Bereits zu Beginn zeigten sich nicht nur einige Politiker*innen, darunter auch Präsidiumsmitglieder, von den Mikrofonen überfordert, sondern offenbar auch von der Schweizer Pünktlichkeit. Carlotta Busenhart (SP) und Sophia Voncke (GLP) schafften es mit Verspätung in den Saal – Grund: ein Fahrstuhl, der kurzerhand stecken blieb. Peter Güttler (GLP) toppte das noch, indem er zu seiner eigenen Gegenrede zu spät erschien – ein Statement der besonderen Art!

Während die SVP und AL sogleich in einem verbalen Schlagabtausch versanken, wurde gleich mehrfach die Würde der deutschen Sprache angegriffen – insbesonders in den Vorwürfen von Bestechung und gekauften Stimmen. Weitere schwerwiegende Anschuldigungen wurden regelmässig geäussert, darunter auch eine Reaktion auf einen SVP-Vorstoss, der als „unauffälliger Versuch, die Todesstrafe wieder gesellschaftsfähig zu machen“, getarnt sein soll. Gabriel Pauli (FDP) setzte dem Ganzen noch die Krone auf, indem er Lionel Rupf (GLP) einfach „Lio“ nannte – ein Skandal, der möglicherweise tiefere politische Implikationen hat. Diese freundschaftliche Floskel zeugt von unprofessionell engen Verhältnissen zwischen den beiden Politikern.

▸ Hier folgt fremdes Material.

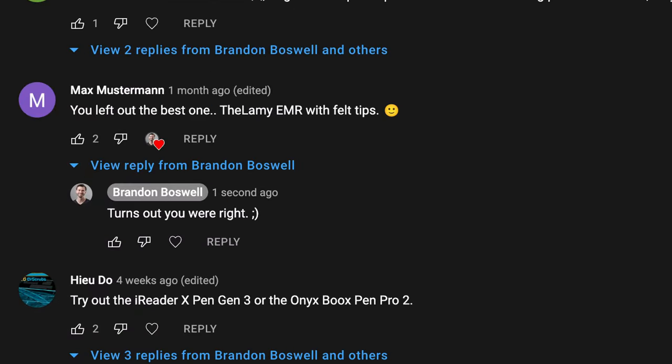I recently did a stylus rundown video for Boox and reMarkable users — I'll link it above. In that video I talked about the Wacom One pen, the Staedtler Norris Digital, and the Samsung S Pen. A lot of people in the comments asked why I didn't review the Lamy All-Star. The biggest reason was I wanted a pen that would magnet to the side of the Boox, and I knew I was only going to keep one or two styluses.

Die SVP glänzte als „Comedy-Truppe“, wie Marwin Grassmayr (AL) bei jeder Gelegenheit betonte, wobei nicht ganz klar wurde, ob sie sich ihrer eigenen Selbstinszenierung bewusst war. Während der ersten 3 Abstimmungen war die SVP-Mitglieder überzeugt davon, dass ihnen ganze 22 Stimmen zustehen, obwohl nur 21 Mitglieder*innen in ihren Bänken sassen.

Nicht nur rhetorisch, auch optisch wurde Stellung bezogen: SP, Grüne und AL überzeugten mit einer beeindruckenden farblichen Einheitlichkeit, passend zur Parteifarbe. Auch die Parteien auf der rechten Seite des Saals überzeugten mit professionellem Auftreten, zumindest was die Kleiderwahl betraf. Dennoch durften die (modischen) Ausreisser nicht fehlen, die quer durch die Parteienlandschaft zu finden waren: Vinzent Spiegel (SP) kombinierte Sozialismus mit Luxus – Burberry-Schal inklusive. Aron Peklak (Mitte) wirkte optisch wie ideologisch („nur weil ich rechts bin, darf ich trotzdem sagen, was ich will“) wie ein SVP-Anwärter. Gian Siepen, FDP-Mitglied mit rebellischem Geist, stimmte munter gegen den parteiinternen Konsens - ein wahrer Freigeist!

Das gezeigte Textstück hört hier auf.